My father was big, bloated and pale but the machine overshadowed him. I saw it like a mantis, all arms and probes and manipulators, hooked into him through a dozen incisions and valves. Gandhi it was who considered all surgery violence to the body. It monitored him through sensory needles pinned all over his body like radical acupuncture and, I did not doubt, through the red Eye of Shiva on his forehead. It let him blink and it let him swallow, it let him breathe and when my father spoke, it did his speaking for him. His lips did not move. His voice came from wall-mounted speakers, which made him sound uncannily divine. Had I been hooked into a third eye, he would have spoken directly into my head like telepathy.
‘You’re looking good.’
‘I’m doing a lot of walking.’
‘I’ve missed you on the news. I liked you moving and shaking. It’s what we made you for.’
‘You made me too intelligent. Super-success is no life. It would never have made me happy. Let Shiv conquer the world and transform society: the superintelligent will always choose the quiet life.’
‘So what have you been up to, son, since leaving government?’

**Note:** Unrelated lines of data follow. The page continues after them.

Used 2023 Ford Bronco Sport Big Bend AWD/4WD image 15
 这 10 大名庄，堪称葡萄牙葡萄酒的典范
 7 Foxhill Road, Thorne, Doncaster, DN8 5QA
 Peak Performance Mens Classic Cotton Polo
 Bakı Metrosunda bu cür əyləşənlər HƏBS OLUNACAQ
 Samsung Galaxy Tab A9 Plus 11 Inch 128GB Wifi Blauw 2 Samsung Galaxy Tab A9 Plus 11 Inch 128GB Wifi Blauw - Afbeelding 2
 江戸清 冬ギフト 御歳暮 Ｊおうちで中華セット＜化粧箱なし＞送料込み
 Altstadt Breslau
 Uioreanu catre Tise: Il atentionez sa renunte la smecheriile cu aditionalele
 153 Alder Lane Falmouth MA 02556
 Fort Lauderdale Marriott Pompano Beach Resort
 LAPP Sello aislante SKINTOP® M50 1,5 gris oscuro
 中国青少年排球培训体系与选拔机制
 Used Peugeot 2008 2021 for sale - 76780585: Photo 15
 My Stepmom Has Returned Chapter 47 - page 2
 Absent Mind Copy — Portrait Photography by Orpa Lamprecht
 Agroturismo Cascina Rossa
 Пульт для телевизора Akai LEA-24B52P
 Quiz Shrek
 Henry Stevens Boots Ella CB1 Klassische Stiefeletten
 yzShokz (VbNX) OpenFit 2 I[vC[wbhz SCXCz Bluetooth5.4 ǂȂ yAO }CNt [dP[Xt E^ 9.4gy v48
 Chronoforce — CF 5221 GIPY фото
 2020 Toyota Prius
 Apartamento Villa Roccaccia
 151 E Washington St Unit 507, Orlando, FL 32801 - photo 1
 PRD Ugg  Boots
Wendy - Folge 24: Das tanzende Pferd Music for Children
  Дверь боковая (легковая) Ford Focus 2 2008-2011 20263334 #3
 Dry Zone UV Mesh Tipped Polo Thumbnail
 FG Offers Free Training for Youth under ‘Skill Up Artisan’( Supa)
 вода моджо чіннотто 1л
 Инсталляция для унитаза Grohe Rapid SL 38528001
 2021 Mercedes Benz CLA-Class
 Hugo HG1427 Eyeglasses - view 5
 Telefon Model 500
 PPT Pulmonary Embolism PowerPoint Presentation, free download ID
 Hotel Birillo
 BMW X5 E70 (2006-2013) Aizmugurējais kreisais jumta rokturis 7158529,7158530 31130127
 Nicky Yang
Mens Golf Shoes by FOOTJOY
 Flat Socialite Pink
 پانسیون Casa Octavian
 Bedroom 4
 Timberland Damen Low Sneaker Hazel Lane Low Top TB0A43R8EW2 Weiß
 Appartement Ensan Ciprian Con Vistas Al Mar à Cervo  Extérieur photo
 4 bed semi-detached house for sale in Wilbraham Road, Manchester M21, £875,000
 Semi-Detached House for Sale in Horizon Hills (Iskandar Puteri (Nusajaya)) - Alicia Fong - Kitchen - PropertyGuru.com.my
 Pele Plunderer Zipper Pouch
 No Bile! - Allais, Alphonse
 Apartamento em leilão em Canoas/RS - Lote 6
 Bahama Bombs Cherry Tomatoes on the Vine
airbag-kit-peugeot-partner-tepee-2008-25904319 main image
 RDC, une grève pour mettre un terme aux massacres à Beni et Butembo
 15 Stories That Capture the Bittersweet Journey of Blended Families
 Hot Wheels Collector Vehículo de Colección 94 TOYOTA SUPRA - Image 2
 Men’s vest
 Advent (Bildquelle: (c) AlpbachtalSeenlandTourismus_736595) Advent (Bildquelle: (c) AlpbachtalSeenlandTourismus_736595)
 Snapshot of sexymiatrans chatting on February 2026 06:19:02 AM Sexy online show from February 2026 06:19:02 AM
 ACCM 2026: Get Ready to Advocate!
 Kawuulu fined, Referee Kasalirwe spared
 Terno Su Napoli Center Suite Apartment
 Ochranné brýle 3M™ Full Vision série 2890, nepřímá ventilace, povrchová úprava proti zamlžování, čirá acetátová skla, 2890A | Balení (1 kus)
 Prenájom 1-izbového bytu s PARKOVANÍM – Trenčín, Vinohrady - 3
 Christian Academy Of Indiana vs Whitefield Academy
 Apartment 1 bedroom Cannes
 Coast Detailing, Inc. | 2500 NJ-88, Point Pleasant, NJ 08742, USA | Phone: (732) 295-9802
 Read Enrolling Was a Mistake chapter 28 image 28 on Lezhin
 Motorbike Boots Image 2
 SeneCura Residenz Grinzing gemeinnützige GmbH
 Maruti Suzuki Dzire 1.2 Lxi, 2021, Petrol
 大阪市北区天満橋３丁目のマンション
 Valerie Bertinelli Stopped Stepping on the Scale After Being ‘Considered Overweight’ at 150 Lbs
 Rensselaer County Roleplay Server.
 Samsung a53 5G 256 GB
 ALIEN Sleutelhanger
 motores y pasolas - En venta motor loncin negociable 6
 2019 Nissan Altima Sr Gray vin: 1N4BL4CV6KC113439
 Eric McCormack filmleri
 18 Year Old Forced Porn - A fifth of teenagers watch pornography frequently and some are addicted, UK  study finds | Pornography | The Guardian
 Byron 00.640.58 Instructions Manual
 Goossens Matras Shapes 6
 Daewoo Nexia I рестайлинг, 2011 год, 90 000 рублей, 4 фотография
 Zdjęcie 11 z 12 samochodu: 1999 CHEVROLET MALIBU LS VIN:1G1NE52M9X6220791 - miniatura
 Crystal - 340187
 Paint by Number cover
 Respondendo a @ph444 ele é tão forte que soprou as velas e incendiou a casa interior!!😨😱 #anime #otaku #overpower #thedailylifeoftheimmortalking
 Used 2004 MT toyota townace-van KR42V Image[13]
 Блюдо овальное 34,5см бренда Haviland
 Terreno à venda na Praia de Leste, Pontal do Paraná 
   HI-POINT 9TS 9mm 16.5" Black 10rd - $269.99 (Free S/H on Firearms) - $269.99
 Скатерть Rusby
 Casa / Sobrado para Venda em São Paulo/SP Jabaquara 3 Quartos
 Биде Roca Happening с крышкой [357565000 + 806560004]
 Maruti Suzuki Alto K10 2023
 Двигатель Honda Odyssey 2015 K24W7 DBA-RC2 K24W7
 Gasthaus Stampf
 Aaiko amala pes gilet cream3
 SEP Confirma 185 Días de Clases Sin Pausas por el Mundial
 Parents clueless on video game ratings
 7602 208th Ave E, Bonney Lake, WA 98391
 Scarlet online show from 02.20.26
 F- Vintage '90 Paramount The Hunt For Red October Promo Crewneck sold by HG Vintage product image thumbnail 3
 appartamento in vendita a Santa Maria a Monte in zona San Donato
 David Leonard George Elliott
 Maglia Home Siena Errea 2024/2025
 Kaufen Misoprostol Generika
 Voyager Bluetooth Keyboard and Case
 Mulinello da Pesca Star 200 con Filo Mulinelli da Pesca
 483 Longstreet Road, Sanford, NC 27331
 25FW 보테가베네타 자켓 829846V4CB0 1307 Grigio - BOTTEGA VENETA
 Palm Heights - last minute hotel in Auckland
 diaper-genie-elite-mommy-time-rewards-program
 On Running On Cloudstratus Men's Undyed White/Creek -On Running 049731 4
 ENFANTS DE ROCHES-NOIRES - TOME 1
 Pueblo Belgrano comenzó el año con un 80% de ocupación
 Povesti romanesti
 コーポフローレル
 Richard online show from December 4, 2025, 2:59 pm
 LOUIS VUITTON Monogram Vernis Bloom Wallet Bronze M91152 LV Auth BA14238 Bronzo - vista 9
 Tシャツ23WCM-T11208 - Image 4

‘Like I said, walking. Investing in people. Telling stories.’
‘I’d argue with you, I’d call you an ungrateful brat, except Nimki and Papadi here tell me it would kill me. But you are an ungrateful brat. We gave you everything – everything – and you just left it at the side of the road.’ He breathed twice. Every breath was a battle. ‘So, what do you think? Rubbish, isn’t it?’
‘They seem to be looking after you.’
My father rolled his eyes. He seemed in something beyond pain. Only his will kept him alive. Will for what I could not guess.